Is art, as Freud believed, a kind of socially acceptable wish fulfillment for a social infantile desires? A way of finding in imagination what we have lost in life? A sublimation of serial energy? A way of transmitting our hidden wishes or shameful secrets, our failures and losses and humiliations, into beautiful objects that win us wealth and admiration and all the serial fulfillment that we put off in order to do the work in the first place?

Sigmund Freud
Immanuel Kant

I suspect that message was in response to my quote in a previous conversation.

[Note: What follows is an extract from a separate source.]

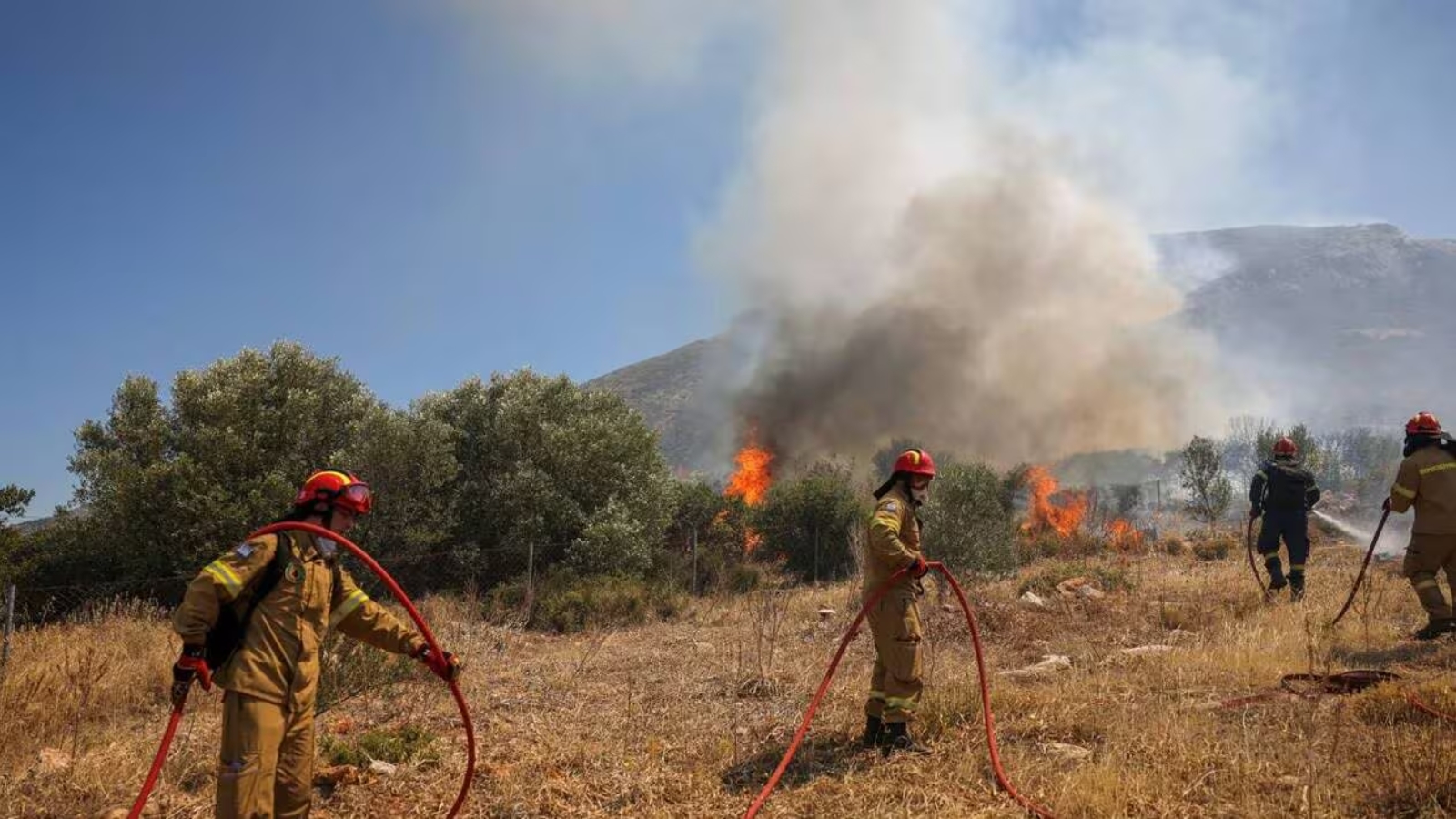Voyager à Athènes : Les incendies en Grèce mettent-ils en danger vos vacances ?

The role of art, for Immanuel Kant, is to embody the most important ethical ideas. Art is a natural extension of philosophy. Kant held that we need to have art continually before us, so as to benefit from vivid illustrations and memorable symbols of good behavior and thereby keep the perverse parts of ourselves in check. He wanted to understand how the better, more reasonable parts of our natures could be strengthened so as to reliably win out over our inbuilt weaknesses and selfishness. Art helps us to be good.” 

Yes. “Art helps us to be Good.” That stuck with me. Art represents an Ideal. Going to the Met was always inspiring. Once, while wandering I was stopped by an 8th century BCE vase. An anonymous Assyrian artist had the sense of beauty and skill that demanded my attention. His talent had crafted it and, ten thousand years later, it gave me a sense of awe. (Yo, that is so awesome, dude.)

Thank you WTP. Now I am going to contemplate Freud …and my navel. (What the hell is ‘serial imagination’?)